NEW YORK – Les résultats montrent qu’un pourcentage important des huit millions de Kurdes d’Irak ont participé au référendum sur l’indépendance du Kurdistan autonome et des territoires du pays à forte population kurde. Une proportion plus importante encore d’électeurs – qui serait supérieure à 90 % – ont voté oui. L’hostilité internationale, pourtant, est à peu près générale et, dans le monde d’aujourd’hui, un État ne peut se constituer qu’à condition d’être reconnu par les autres. Que va-t-il donc se passer ?

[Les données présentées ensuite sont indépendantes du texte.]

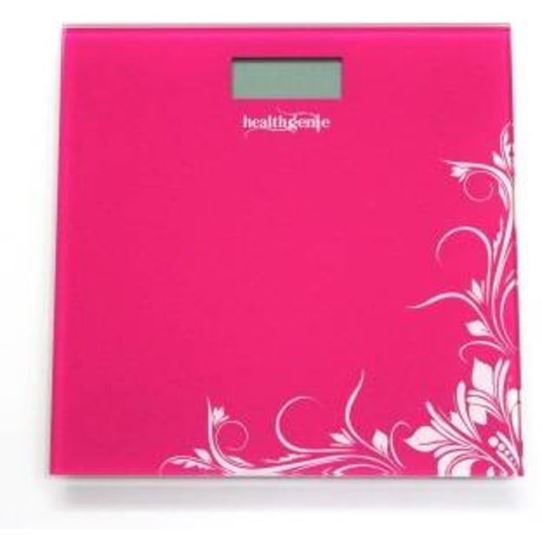 Picture of Healthgenie HD-221 Digital Weighing Scale Pink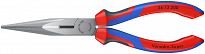 Szczypce tnące półokrągłe (wydłużone typu „bociani dziób”) KNIPEX 26 12 200 - 2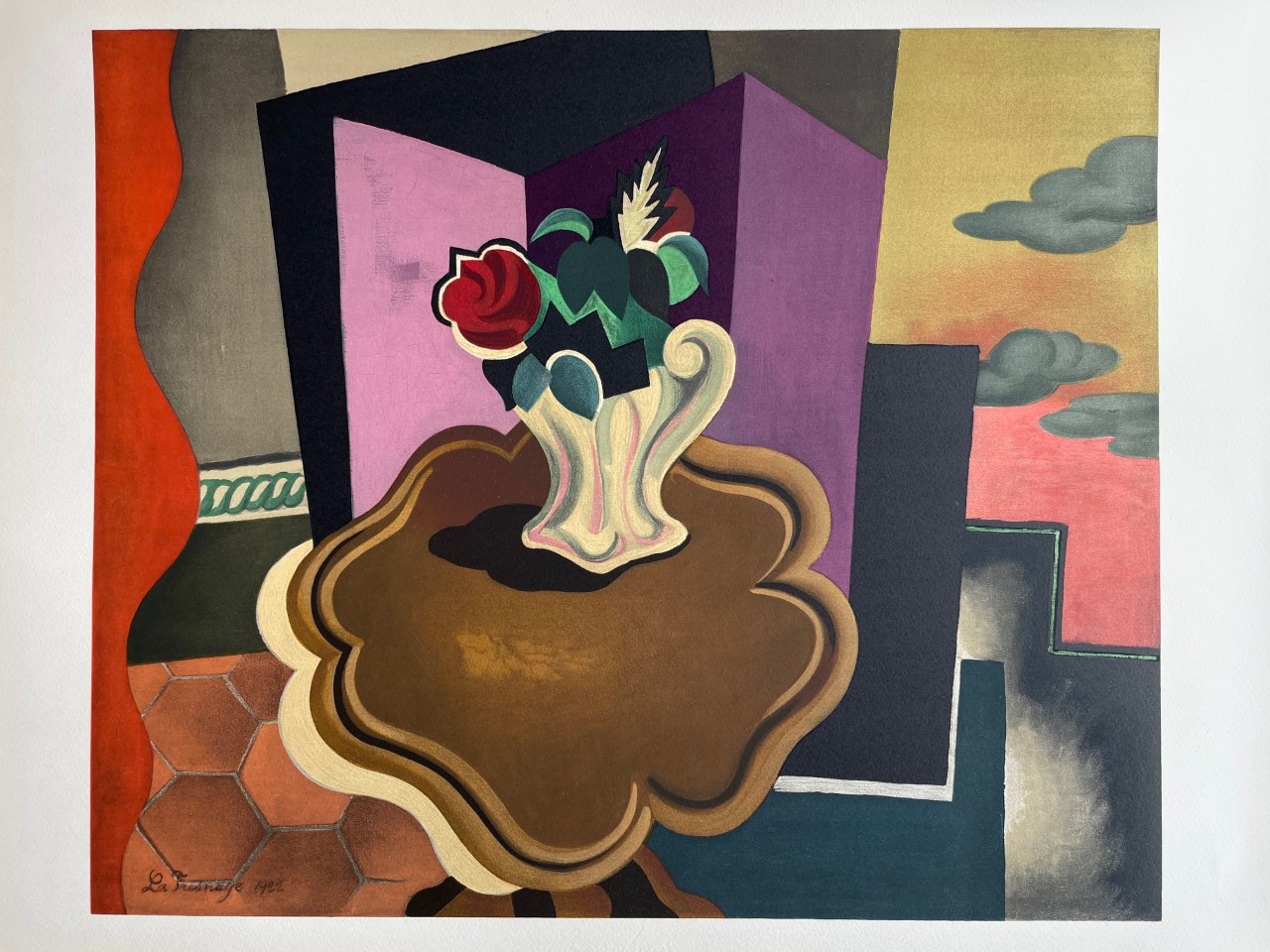 Composition - Roger De La Fresnaye – Image 1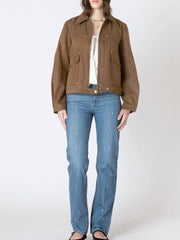 DEX Faux Suede Jacket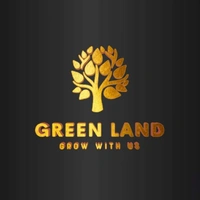 GREEN LAND STORES - Logo
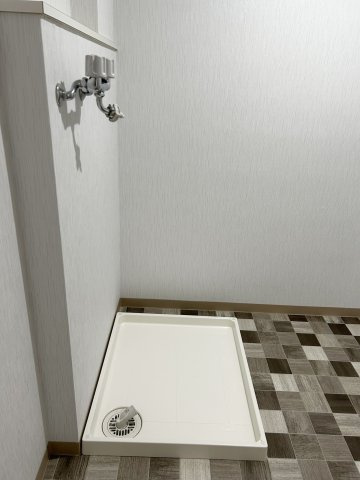 パークタウン五領第6団地7号棟のその他|ランドリースペース防水パン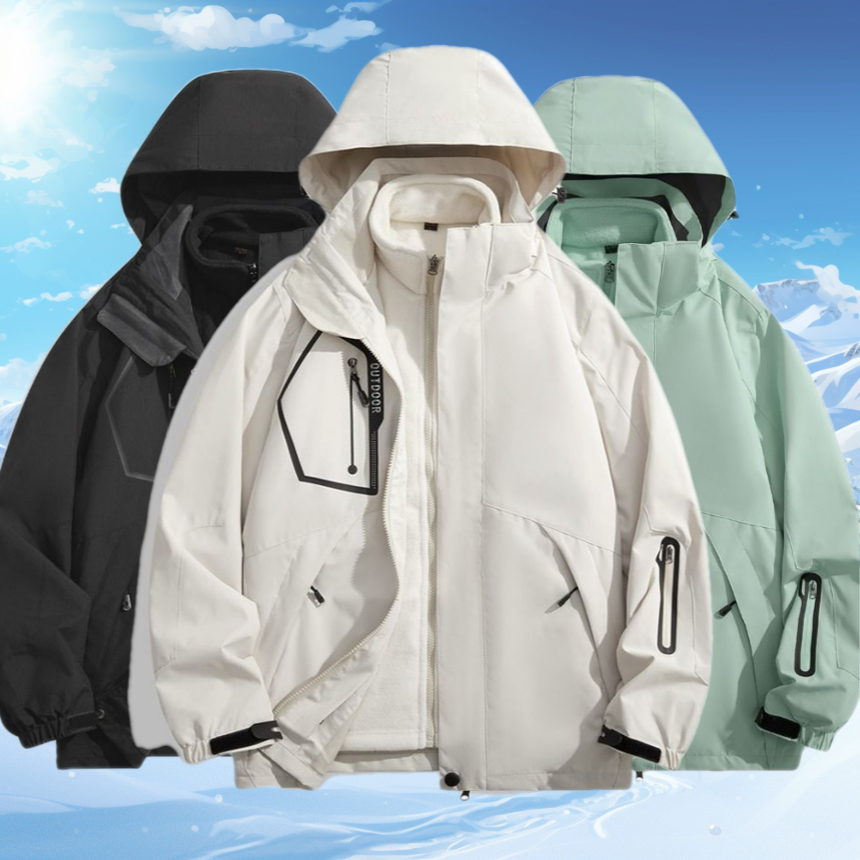 이루이 남자 스키복 상의 방수 방풍 보드복 패딩자켓 후리스안감 57,200원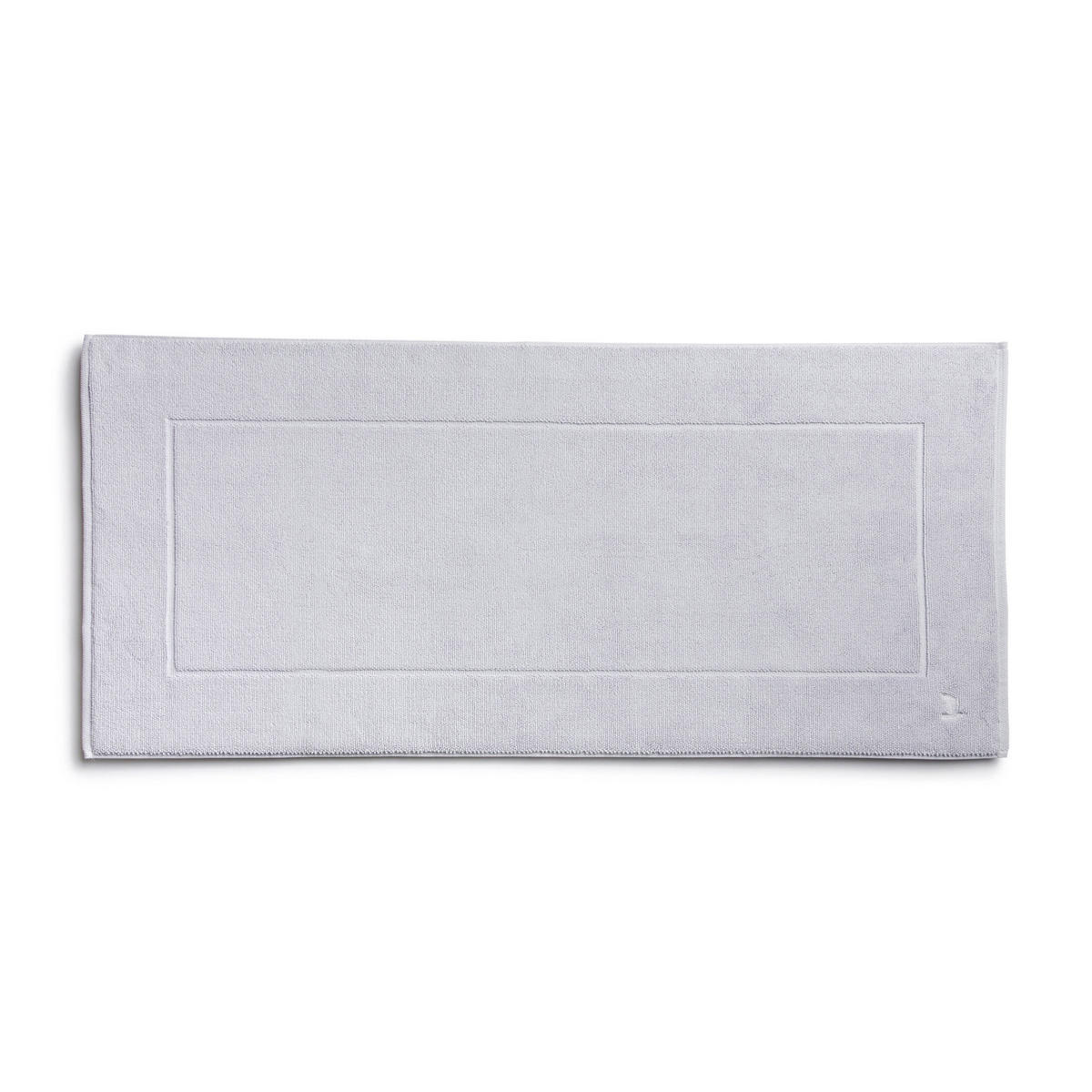BADTEPPICH BASIC - Silberfarben, Textil (60/130cm) - MÖVE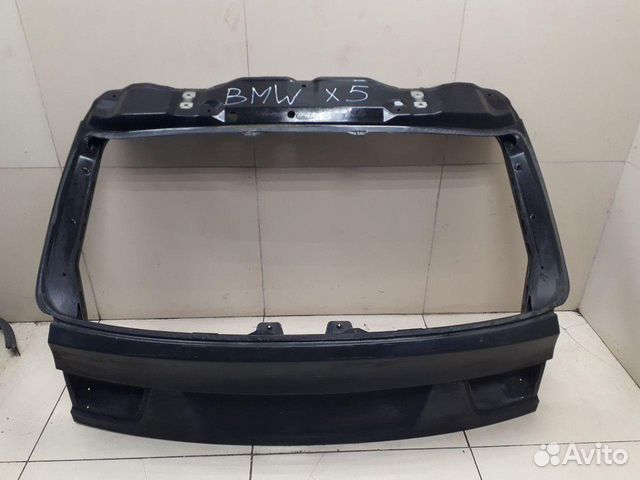 Дверь багажника верхняя (BMW X5) Дверь багажника верхняя (BMW X5)
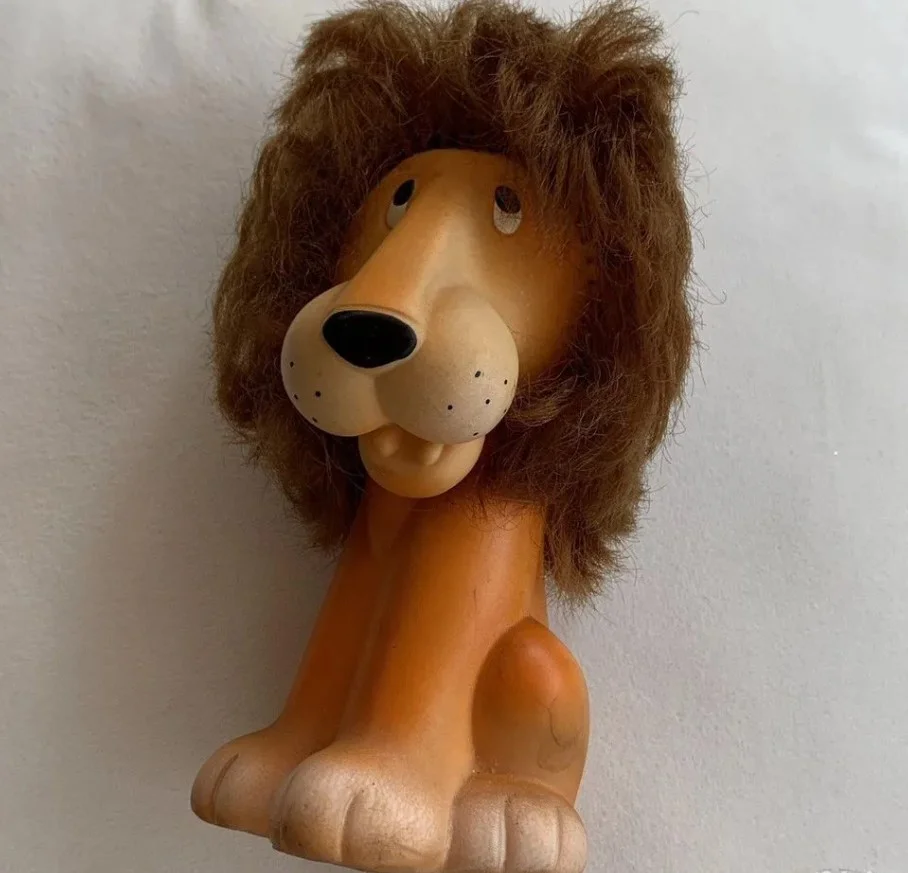 Винтажная игрушка Лев СССР - изображение 1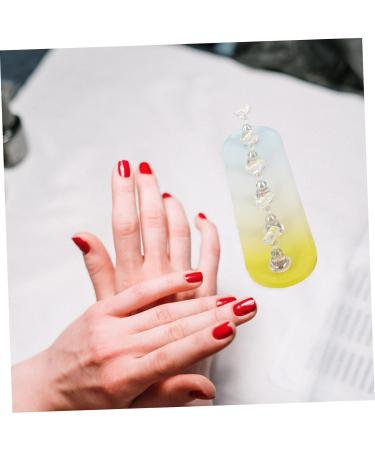 FRCOLOR 3 Sets Nail Practice Holder Practice Nail Stands Training Nail Racks Nail Display for Nail Art Fake Nail Holder Fake Nails Magnetic Nail Racks Storage Box Oval Plastic - Buy Online on GoSupps.com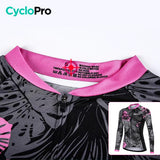 WINTERWIELOUTFIT DAMES - NATURA+ - OPRUIMING CycloPro fietsoutfit 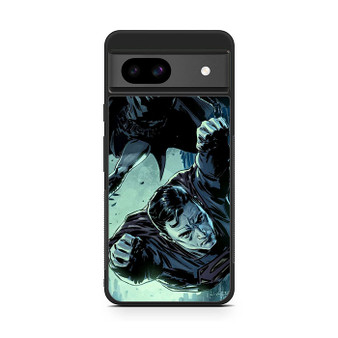 Superman and Batman as a Team Google Pixel 8a Case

Il n’existe pas – et il ne saurait bien entendu exister – de droit automatique à l’autodétermination. Ce fut une chose pour les peuples colonisés, gouvernés par des États distants de milliers de kilomètres et privés d’une grande part de leurs droits, d’adopter l’indépendance au lendemain de la Seconde Guerre mondiale ; c’en est une autre pour une région de se séparer d’un pays souverain. Un monde où de telles sécessions se multiplieraient serait plus désemparé encore que celui dans lequel nous vivons déjà.

Une question, dès lors, survient : dans quelles circonstances doit-on soutenir des dirigeants et des populations qui cherchent à se détacher d’un pays pour créer le leur ? S’il n’existe pas de critères universellement acceptés, qu’il me soit permis d’en suggérer quelques-uns :

• Une histoire attestant l’identité collective incontestable du peuple en question ;

• • Un fondement incontournable, à savoir que la population doit être capable de prouver que le prix politique, physique et économique
 du statu quo est trop élevé ;

• Le choix clair de la population en faveur d’un statut politique nouveau et distinct ;

• La viabilité du nouvel État (la prolifération des États faillis est la dernière chose dont le monde a besoin) ;

• Une scission qui ne remette en cause ni la viabilité du reste de l’État partitionné ni la sécurité des États voisins.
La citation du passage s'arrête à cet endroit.